Martha Stewart Living, 2006

Makes 6 servings

    Cooking spray                                                  
    Pinch saffron                                              
    1 cup sugar                                                    
    1/4 cup unsalted butter soft                                   
    2 comice pears (6-7 oz ea.)                                    
    1 1/3 cups flour                                               
    1 1/2 teaspoons baking powder                                  
    1/2 teaspoon pepper                                            
    1/2 teaspoon salt                                              
    3/4 cup nonfat buttermilk                                      
    1/4 cup vegetable oil                                          
    2 eggs                                                         
    1 teaspoon vanilla extract                                     
    2 tablespoons fine chop crystallized ginger   
                 

Preheat oven to 350 degrees. Coat an 8-inch square or round cake pan with cooking spray. Line bottom with parchment paper, and set aside.

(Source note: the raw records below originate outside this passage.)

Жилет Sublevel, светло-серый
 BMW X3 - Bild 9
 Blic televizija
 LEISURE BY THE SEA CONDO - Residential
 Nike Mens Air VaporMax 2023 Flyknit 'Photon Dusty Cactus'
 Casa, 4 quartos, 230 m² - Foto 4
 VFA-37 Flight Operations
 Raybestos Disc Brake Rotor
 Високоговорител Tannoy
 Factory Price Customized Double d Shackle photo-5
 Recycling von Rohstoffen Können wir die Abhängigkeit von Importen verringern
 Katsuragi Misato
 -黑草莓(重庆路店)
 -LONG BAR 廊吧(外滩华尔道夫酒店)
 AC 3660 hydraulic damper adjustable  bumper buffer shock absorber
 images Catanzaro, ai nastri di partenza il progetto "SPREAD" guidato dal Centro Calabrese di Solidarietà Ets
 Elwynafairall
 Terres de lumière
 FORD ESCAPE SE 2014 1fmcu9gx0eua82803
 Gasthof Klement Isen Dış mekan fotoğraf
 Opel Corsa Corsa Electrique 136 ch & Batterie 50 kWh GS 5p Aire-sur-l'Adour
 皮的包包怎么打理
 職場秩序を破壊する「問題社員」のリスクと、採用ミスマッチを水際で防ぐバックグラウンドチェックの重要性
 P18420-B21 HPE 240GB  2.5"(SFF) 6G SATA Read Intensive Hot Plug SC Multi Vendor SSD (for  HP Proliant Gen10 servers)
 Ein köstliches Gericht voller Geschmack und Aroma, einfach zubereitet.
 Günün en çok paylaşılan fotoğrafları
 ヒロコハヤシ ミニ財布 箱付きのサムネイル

Pulse saffron and 1/4 cup sugar in a spice grinder until well combined. Put butter and saffron sugar into the bowl of an electric mixer fitted with the paddle attachment. Mix on medium-high speed until pale and fluffy, about 3 minutes. Using a small offset spatula, spread mixture into prepared pan.

Peel pears; halve lengthwise, and core. Using a mandoline or a very sharp knife, cut pears lengthwise into 1/4-inch-thick slices. Arrange pears decoratively in pan over saffron-butter mixture.

Whisk together flour, remaining 3/4 cup sugar, the baking powder, ground ginger, and salt in a large bowl. Whisk buttermilk, oil, eggs, and vanilla in another bowl. Add buttermilk mixture to flour mixture in a slow, steady stream, whisking. Stir in crystallized ginger.

Spread batter over pears. Bake until set and a cake tester inserted into center comes out clean, 40 to 45 minutes. Let cool 5 minutes. Place a serving platter upside down over pan; flip to unmold cake. Peel off parchment.